Dengan demikian jelas sekali bahwa model pertanian setelah diberlakukannya Revolusi Hijau, dimana pupuk kimia (sintetis) dan pestisida digunakan tanpa kendali sama saja dengan membunuh semua orang. Karena akibat jangka panjang bagi kesehatan manusia, bahkan bagi petani itu sendiri, sangat mengerikan. WHO mencatat, terdapat 772 ribu kasus penyakit baru akibat penggunaan pestisida kimiawi. Belum lagi hama yang mampu melahirkan generasi hama baru yang lebih kebal terhadap pestisida. Yang lebih parah, intensifikasi pertanian berdasarkan data FAO telah menyumbang lebih dari 20% emisi rumah kaca global. Kegiatan pertanian dengan model seperti itu mengancam 70% spesis burung dan 40% spesis tanaman (Umar Said, 2010).
Oleh karena itu, di berbagai negara, orang sudah mulai masuk pada model pertanian yang sekarang dianggap paling modern, yaitu kembali kepada model pertanian nenek moyang. Integrasi antara pertanian, peternakan, dan perikanan (terutama perikanan tambak) yang menjadi andalan nenek moyang kita kembali dibangkitkan. Tentu saja setelah mengalami pemodernisasian agar dapat diproduksi secara besar-besaran. Contoh yang menarik adalah yang dikembangkan di Haifa, Israel. Tanah-tanah yang tandus dapat dirubah menjadi kebuh buah-buahan yang sayuran yang subur.
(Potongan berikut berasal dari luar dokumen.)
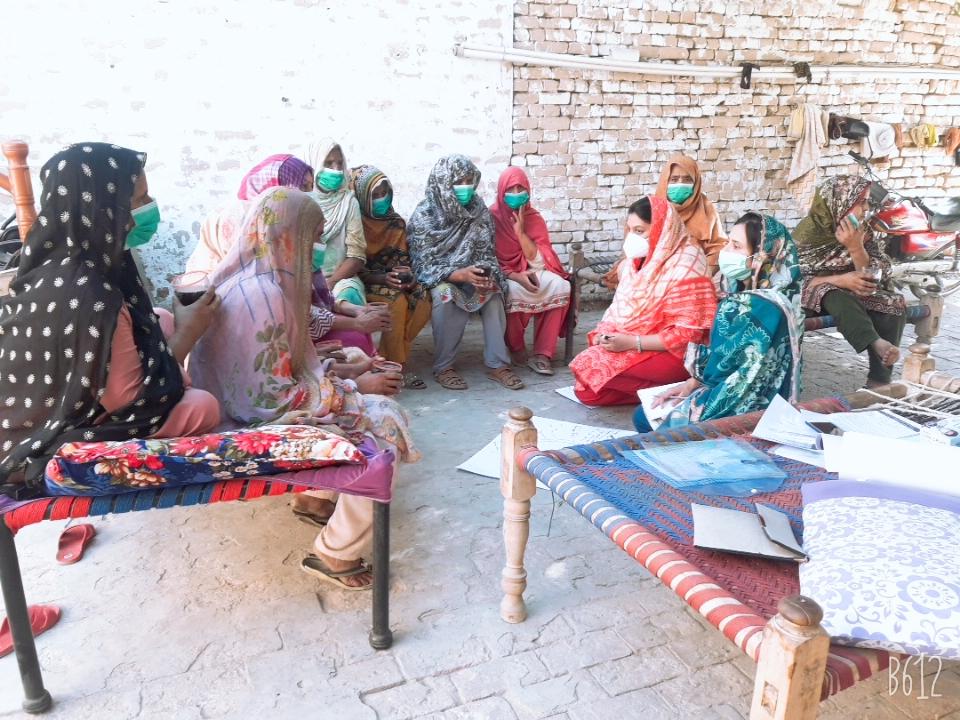 Engaging women in the community, Bahawalpur, Pakistan. Credit Irshad Ali for FAO.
Andalannya adalah integrated farming, menyatukan peternakan dan pertanian. Limbah pertanian diolah sebagai pakan ternak, dan limbah peternakan diolah menjadi pupuk.
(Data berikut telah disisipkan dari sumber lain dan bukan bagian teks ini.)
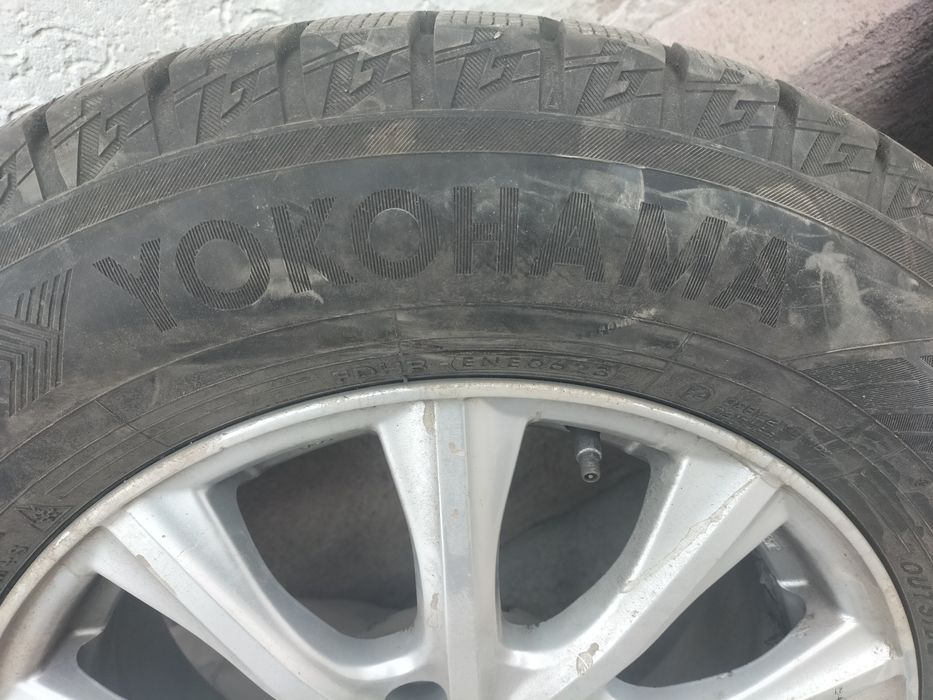 Шины и диски стояли на Хонда СРВ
Jangan heran kalau Israel yang tanahnya jauh lebih buruk dari daerah tertentu di Gunung Kidul, bahkan tanah tersuburnya lebih buruk dari tanah gersang di sebagian Gunung Kidul, mampu menjadikan pertanian dan peternakan sebagai salah satu andalan pendapatan nasionalnya. Di dalam al-Qur`an surat al-Baqarah ayat 205 Allah berfirman: ”Dan apabila ia berpaling (dari kamu), ia berjalan di bumi untuk mengadakan kerusakan padanya, dan merusak tanam-tanaman dan binatang ternak, dan Allah tidak menyukai kebinasaan.” Selain itu, di dalam surat an-Nah; ayat 5, Allah juga menegaskan tentang berbagai manfaat binatang ternak bagi manusia:
”Dan Dia telah menciptakan binatang ternak untuk kamu; padanya ada (bulu) yang menghangatkan dan berbagai-bagai manfaat, dan sebagiannya kamu makan.”